I would be careful in saying that it is impossible to achieve faster than light travel, it may be highly improbable but not impossible. These are theories for a reason. If scientists have learned anything in our short time in this universe it is that "universal truth is not measured in mass appeal."

I agree that the universe will most likely turn out to be finite, but what if the speed of light can be reached or even surpassed, imagine the implications. Now I am admittedly slightly ignorant when it comes to these matters but my understanding of Einstein's famous equation E=mc^2 is that the amount of energy it takes to move an object is that objects mass multiplied by the speed of light squared. Hypothetically if we were able to control this much or MORE energy and focus it we should be able to travel light speed.

One problem I can't explain is that the faster you go or more energy you use your mass seems to increase a lot, which would require more energy to move but maybe when your mass reaches a certain amount you tear through the fabric of space-time.

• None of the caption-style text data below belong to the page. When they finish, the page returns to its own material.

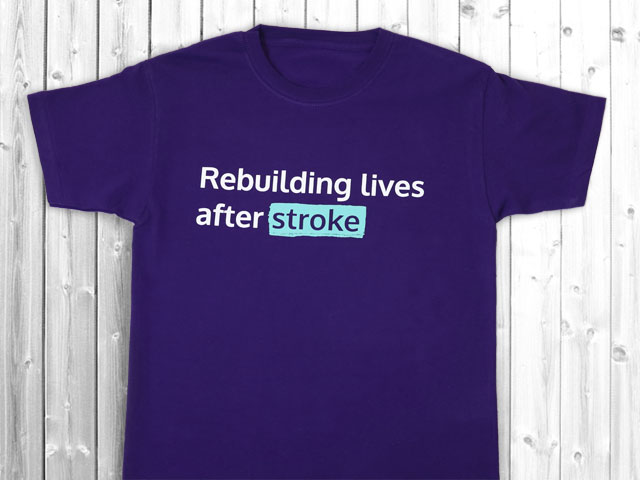 Purple rebuilding lives after stroke t-short on a white wooden background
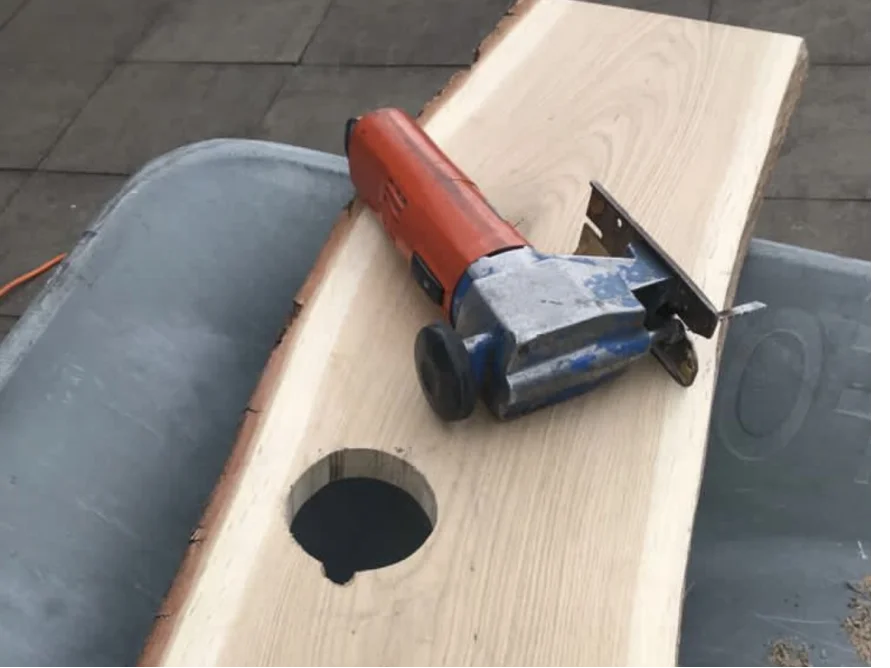Stichsäge auf Holzbrett mit Loch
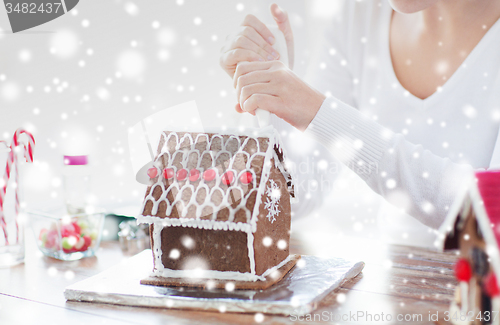 Image of close up of woman making gingerbread house at home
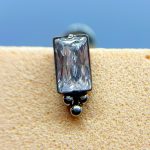 Close-up of a rectangular clear gemstone stud earring on skin, with a blue background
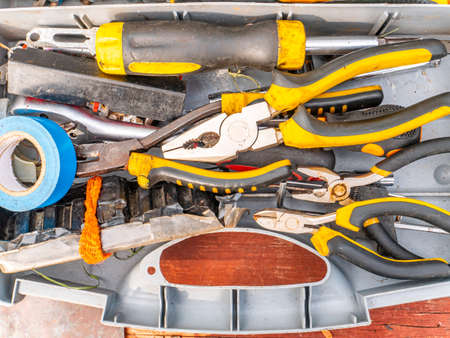 Plastic case with a working locksmith tool. Pliers and screwdrivers. Spanners. Electrical tape and...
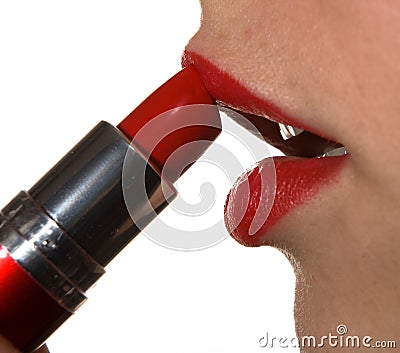 The girl paints her lips with red lipstick. Closeup. Stock Photo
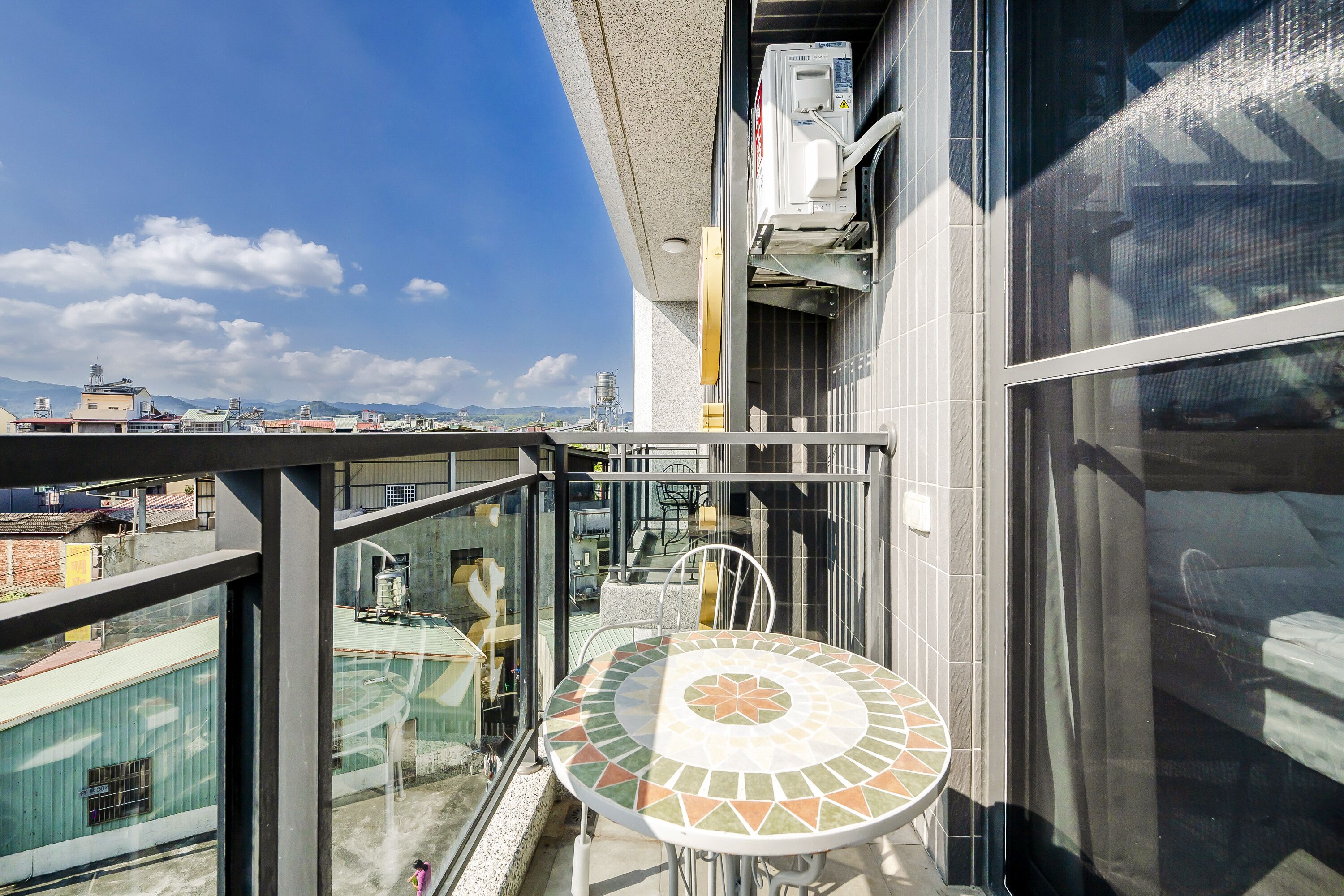 A balcony with a glass railing, a tiled table, and a view of buildings and mountains.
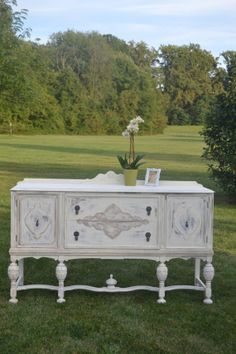 an old dresser is painted white and has flowers in it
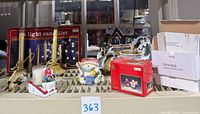 Overview photo of all lot items including candolier, candles, Christmas house scene, candle holders, and ornaments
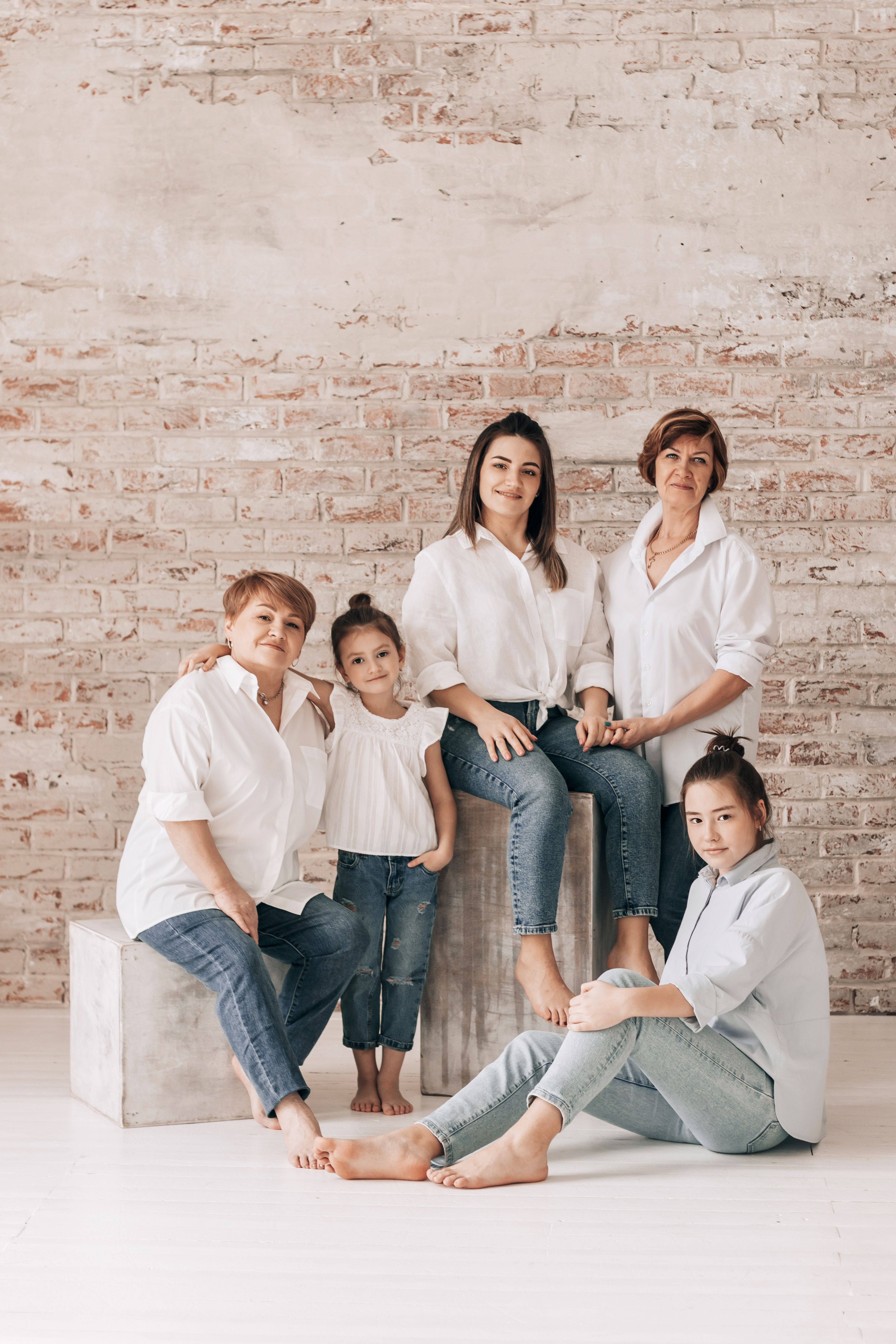 Four generations of women — grandmother, mother, teenager, and young girl — representing lifelong women's health care at Venus OB-GYN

Just a thought I had, feel free to mathematically, logically, or theoretically tear my argument to shreds. :-)
 
  • #99
E = mc^2 is nothing to do with moving mass. It is the energy equivalence of mass.
To move mass the simple F = ma is all that is needed.
As you go faster your mass does NOT increase. It's the problem posed by Special Relativity that a "Stationary" observer appears to see your mass increase. Or putting it another way, if you are moving compared with another frame of reference, observers on that frame see your mass as increased, while you see their masses as increased.
In your own frame, and their own frame, there is no increase.
 
  • #100
Thanks for the clarification, I guess that idea is DOA.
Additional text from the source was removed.